§ Data listing:
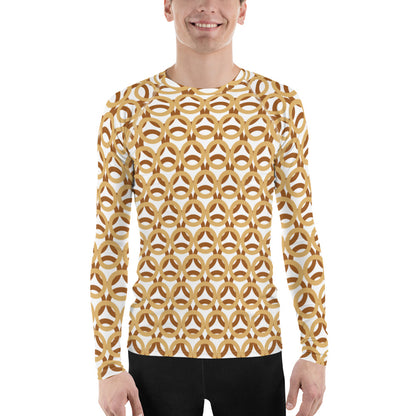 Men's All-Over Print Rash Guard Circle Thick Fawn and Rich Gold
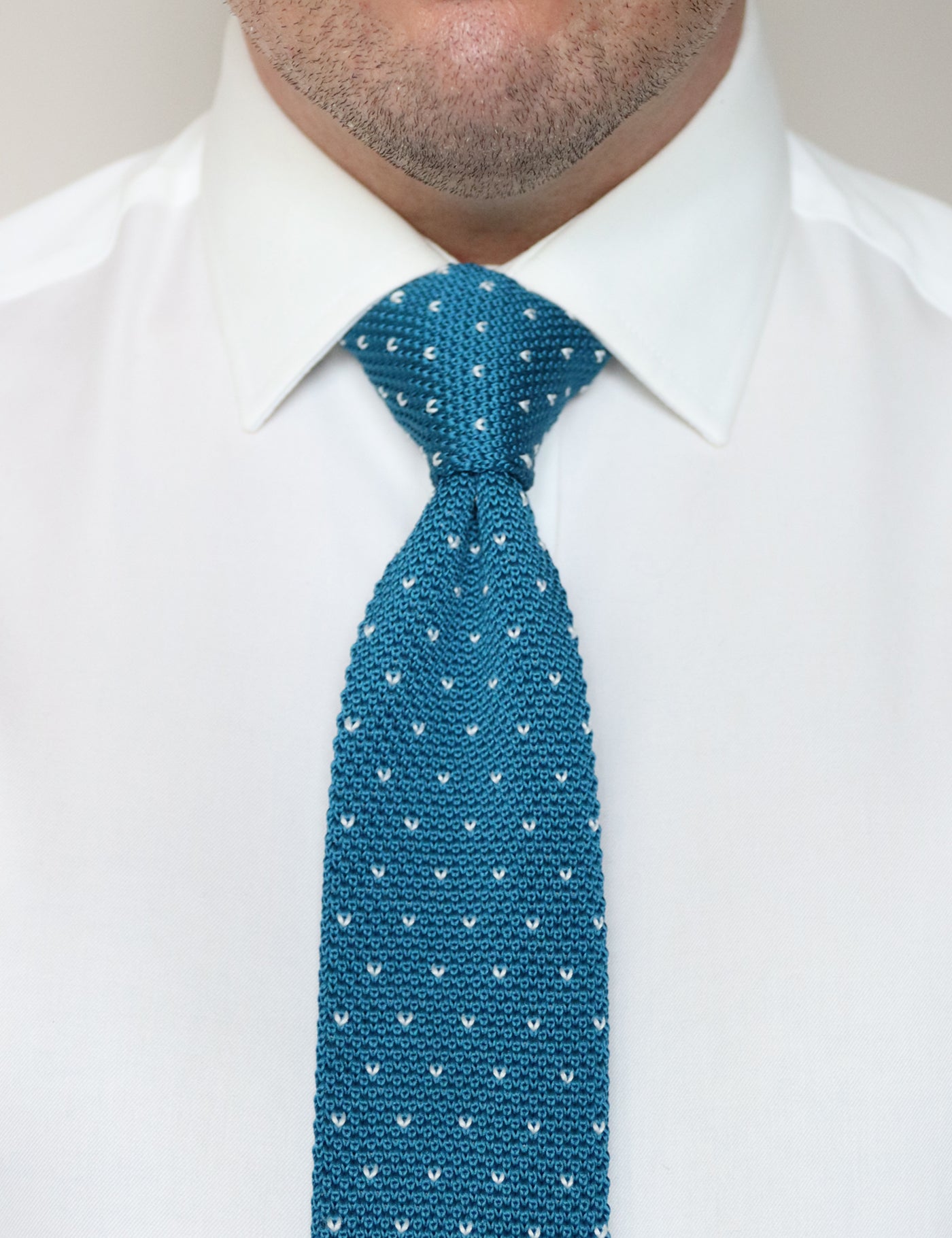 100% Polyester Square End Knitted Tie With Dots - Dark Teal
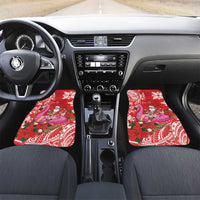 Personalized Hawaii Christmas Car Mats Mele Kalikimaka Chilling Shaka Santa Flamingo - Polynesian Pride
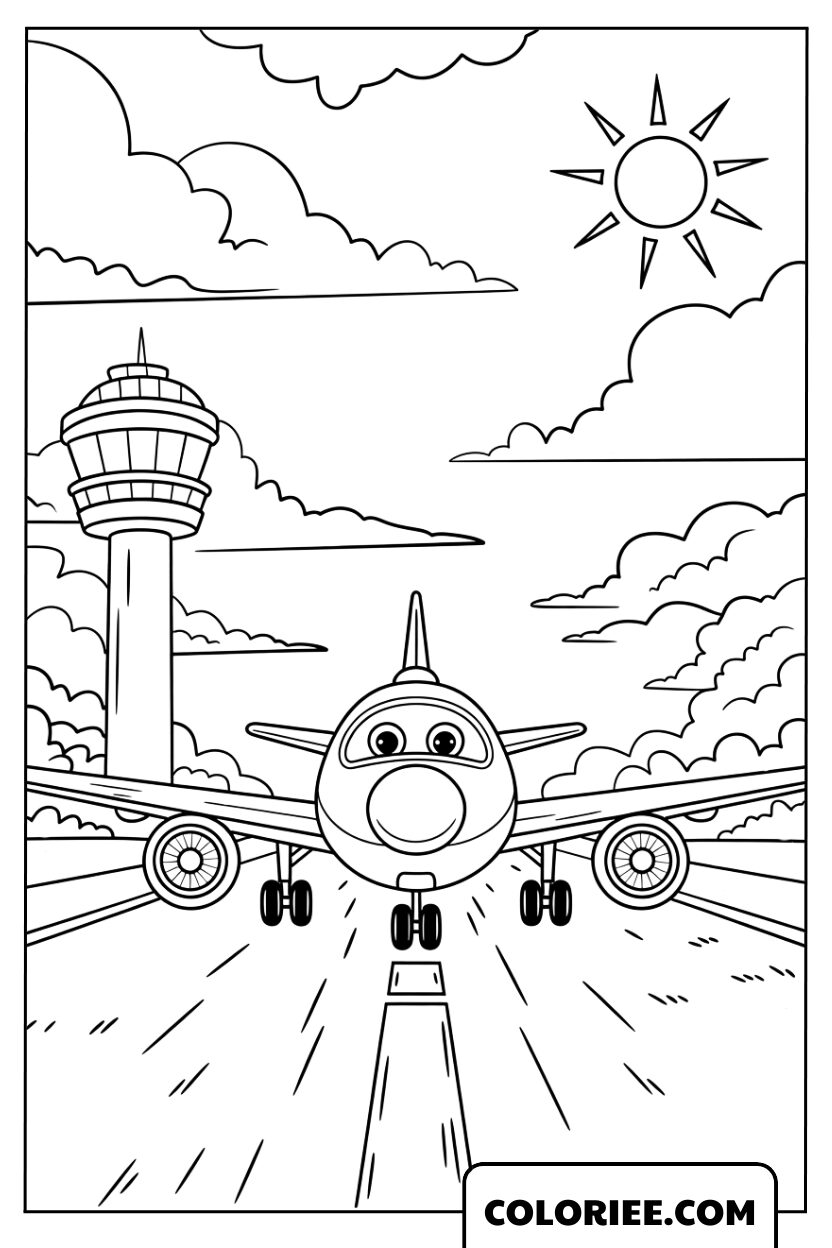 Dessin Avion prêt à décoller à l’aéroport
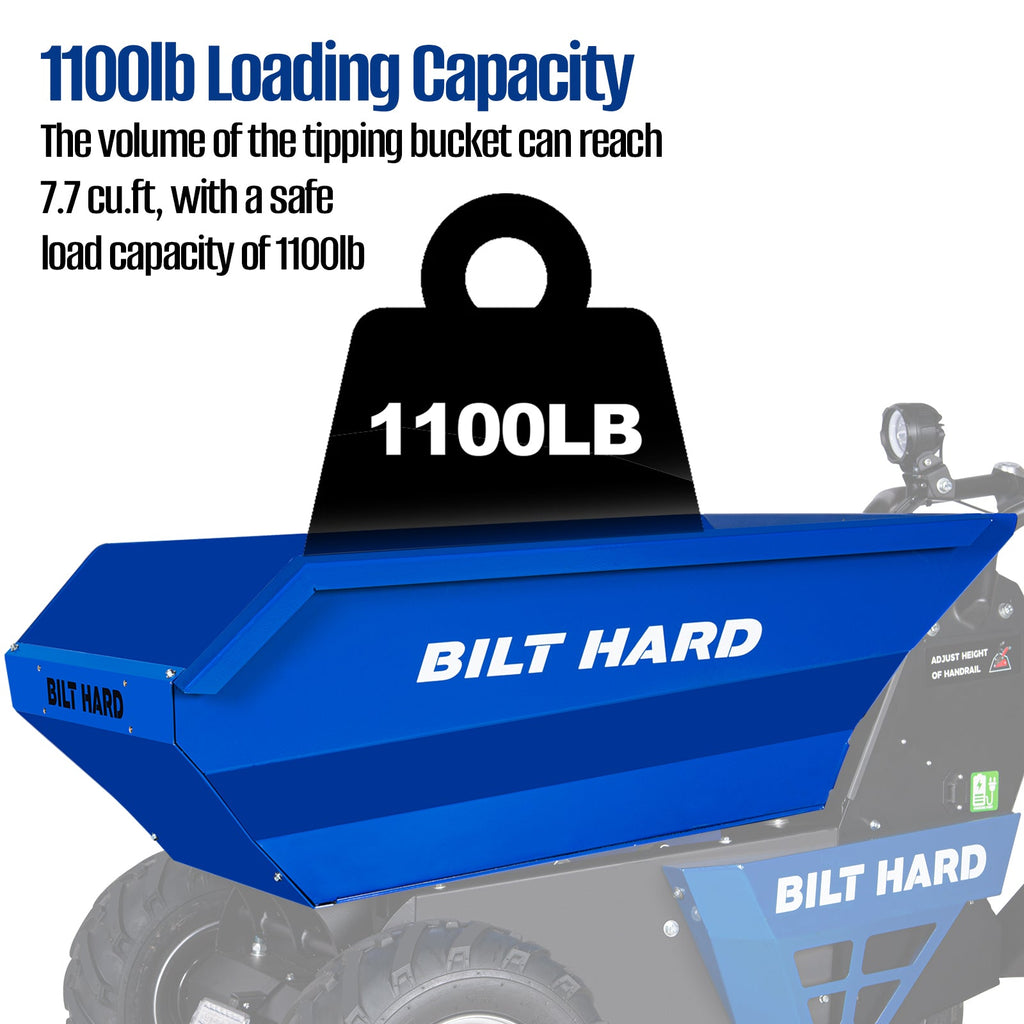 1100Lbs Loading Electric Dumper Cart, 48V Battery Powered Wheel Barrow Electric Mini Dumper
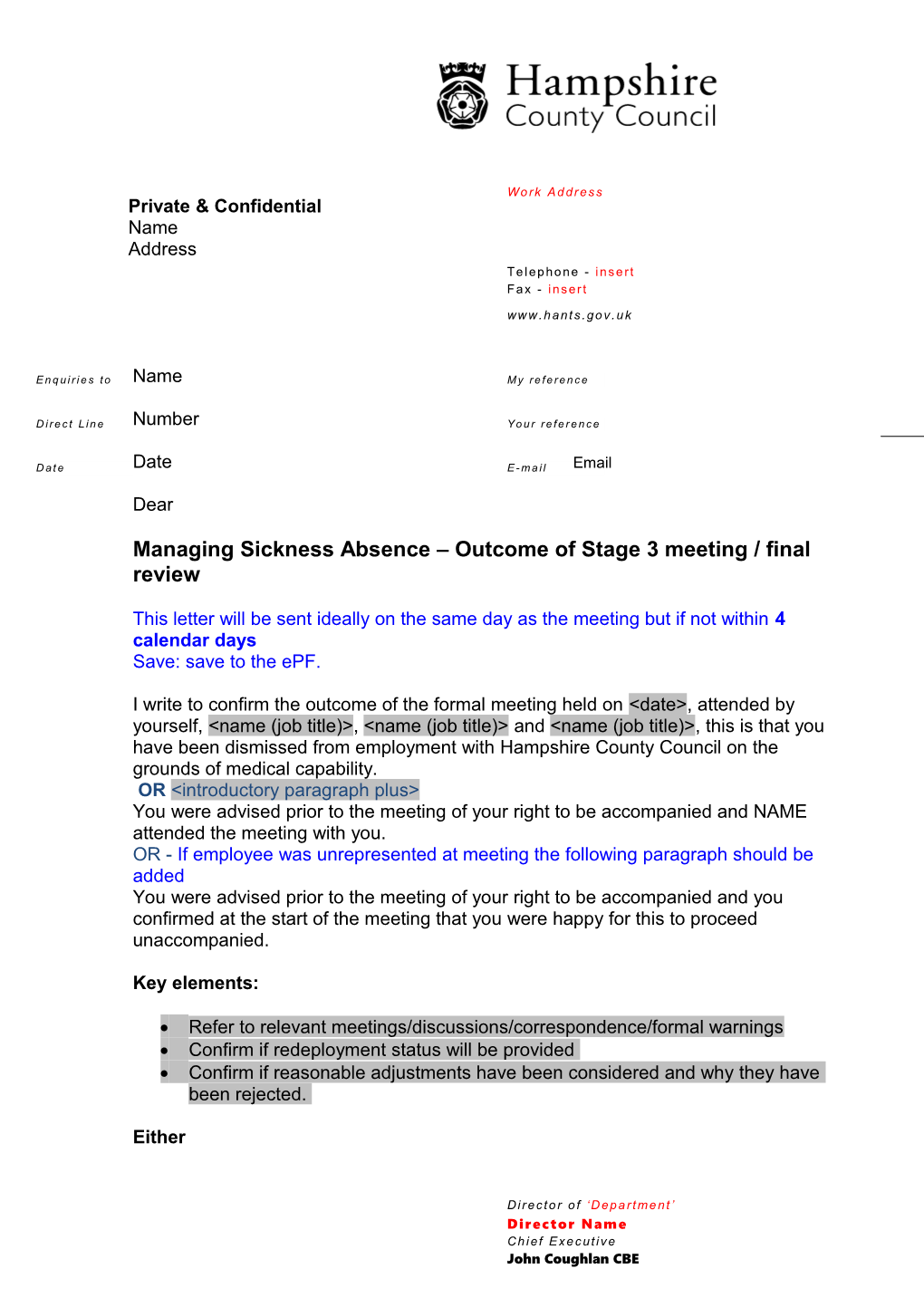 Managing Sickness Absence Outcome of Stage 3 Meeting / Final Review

§ Problem to solve:
Transcribe each entry above character for character, omitting pictures.

§ Exercise answer:
 Men's All-Over Print Rash Guard Circle Thick Fawn and Rich Gold
 100% Polyester Square End Knitted Tie With Dots - Dark Teal
 Personalized Hawaii Christmas Car Mats Mele Kalikimaka Chilling Shaka Santa Flamingo - Polynesian Pride
 Dessin Avion prêt à décoller à l’aéroport
 1100Lbs Loading Electric Dumper Cart, 48V Battery Powered Wheel Barrow Electric Mini Dumper
 Managing Sickness Absence Outcome of Stage 3 Meeting / Final Review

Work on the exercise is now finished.